In relation to the public interest in withholding the information, NHSE refers to four matters:
The withheld report is a candid self-assessment by NEAS of its procedures. If such reports were written in the knowledge that there was a real risk, or even likelihood, of disclosure to the world, they would be less value to the CQC as regulator and it would be likely that organisations would be less honest or detailed when preparing reports. It is important that both authorities and regulators are able to robustly investigate ongoing issues in an appropriate manner, including avoiding any inappropriate consequences from disclosure of associated information to the world which could prejudice their investigations, particularly while the issues are still live.
The CQC’s firm view appears to be that disclosure would be detrimental to the exercise of their functions and it would be contrary to the public interest for NHSE to behave in a way which is detrimental to those functions.
The potential for disclosure to significantly hamper the exchange of relevant information between the regulator and the regulated, should those under investigation have concerns that the information would be made public.
The potential for poorer outcomes in investigations due to participants being less willing to provide the necessary information to allow informed conclusions and recommendations/regulatory actions to be reached.
We have taken into account all of these arguments.
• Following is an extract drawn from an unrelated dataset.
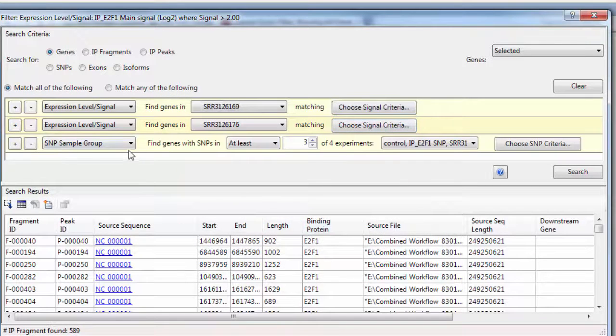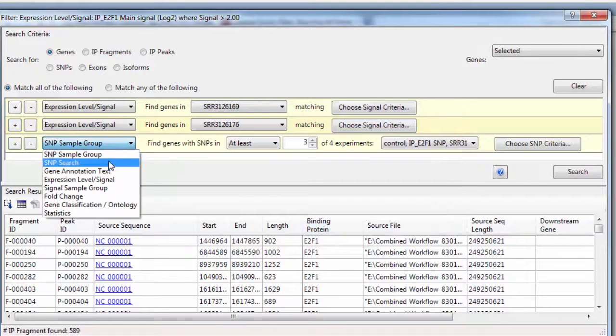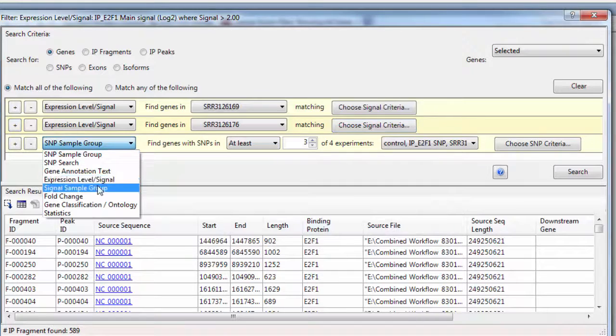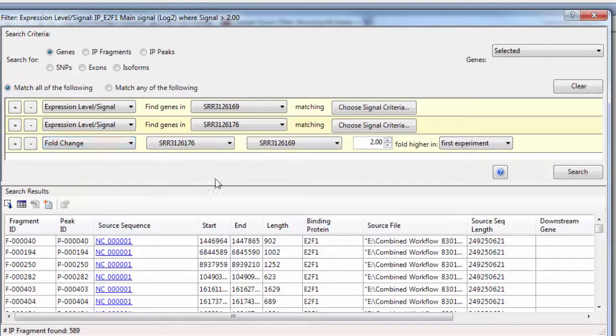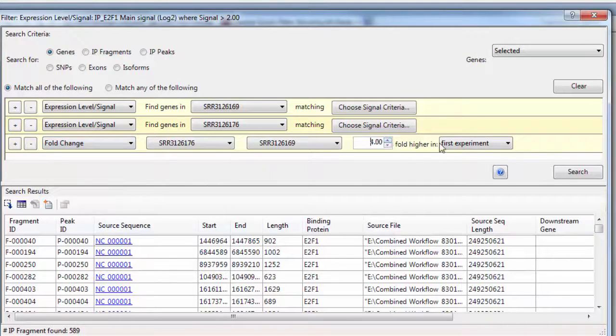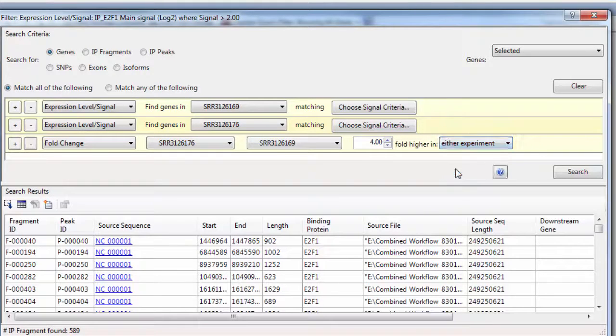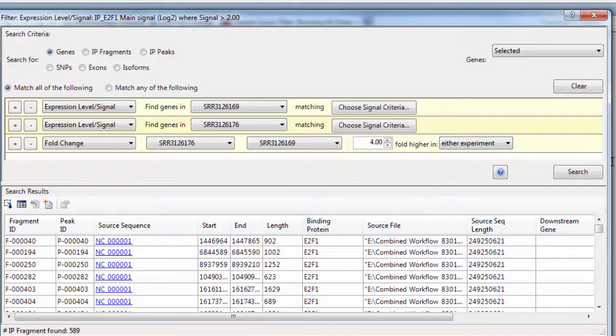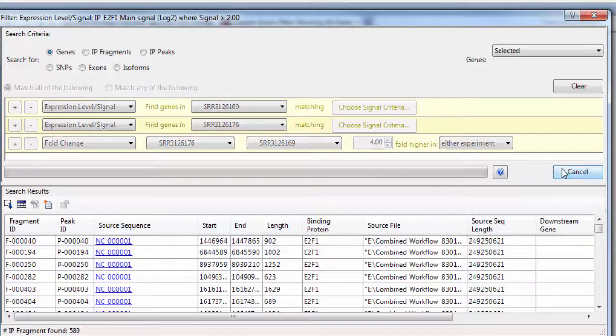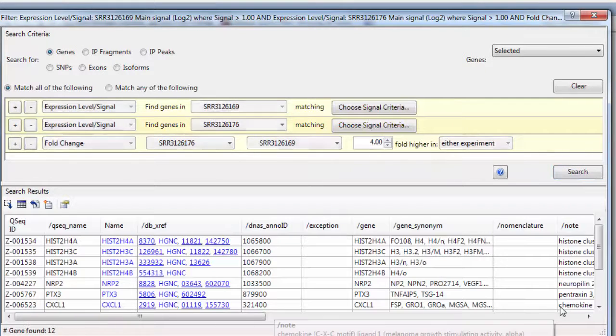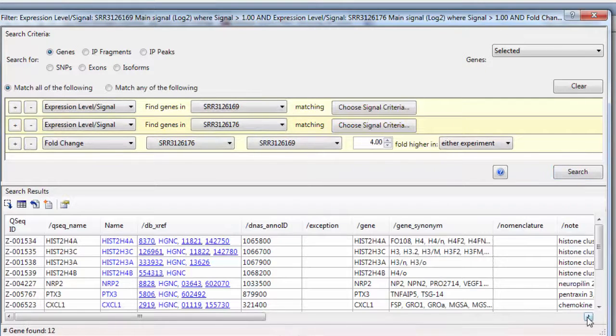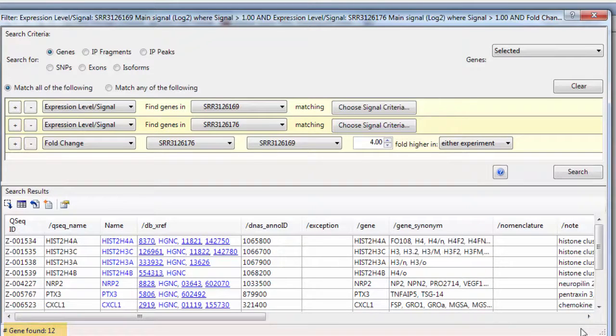And we want to find genes that show a fold change of at least 4 between the two time points. I'll click Search. And that narrowed it down to 12 genes.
In relation to the public interest in disclosure, there is a specific interest in disclosure of all information relating to the allegations about NEAS and related investigations, in addition to the more general interests in transparency. We acknowledge that the underlying concerns which led to the information being provided by NEAS to the CQC are serious ones and relevant to patient safety. However, the Appellant makes general arguments and allegations. He has not explained why disclosure of this particular report is in the public interest. We note that the independent review by Dame Marianne Griffiths will further much of the public interest in these issues. We agree with both the Information Commissioner and NHSE that disclosure would not be in the public interest because of the likely impact on the CQC’s functions as a regulator. We have taken into account the four matters set out by NHSE and also the submissions on why disclosure would be to the CQC’s detriment. Disclosure of this type of confidential information while matters were still under investigation would seriously damage the willingness of regulated bodies to share this type of information with the CQC. It would also cause them to be less candid in these types of reports. Openness and honesty with the CQC is essential to it being able to carry out its functions. Damage to these functions would be detrimental to public safety.
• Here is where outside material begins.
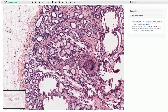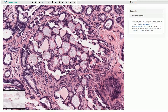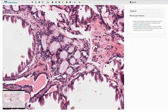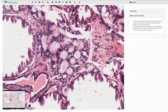Here we can see this cribriform structure with intraluminal aggregate of acellular eosinophilic basement membrane-like material which is surrounded by these myoepithelial cells. Here we have another focus. The intraluminal material is typically fibrillary and it shows a radiating pattern, with strands that radiate from the center to the periphery of the lumen.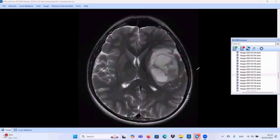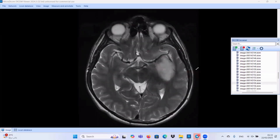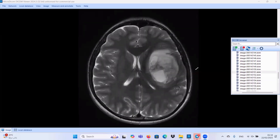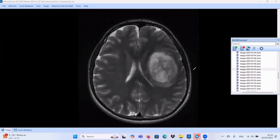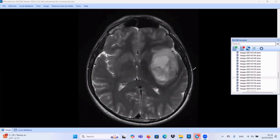We did an MRI study for the same patient. As you see here, we have a complex mass with different components — solid components and cystic components. These are the cystic components, as you see here. And we have also some solid components. So, we are dealing with a complex mass most likely representing a brain tumor, either primary or secondary. We will not go deep in this case.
We have taken into account the fact that the public interest in disclosure would need to outweigh the public interest in maintaining confidentiality in order to provide a defence to an action for breach of confidence. Having considered all the arguments as set out above, we find that it does not.
We find that NHSE was entitled to rely on section 41 FOIA to withhold the disputed information. As this disposes of the appeal, we have not gone on to consider the other new exemptions relied on by NHSE in their response to the appeal.
We dismiss the appeal for the reasons explained above.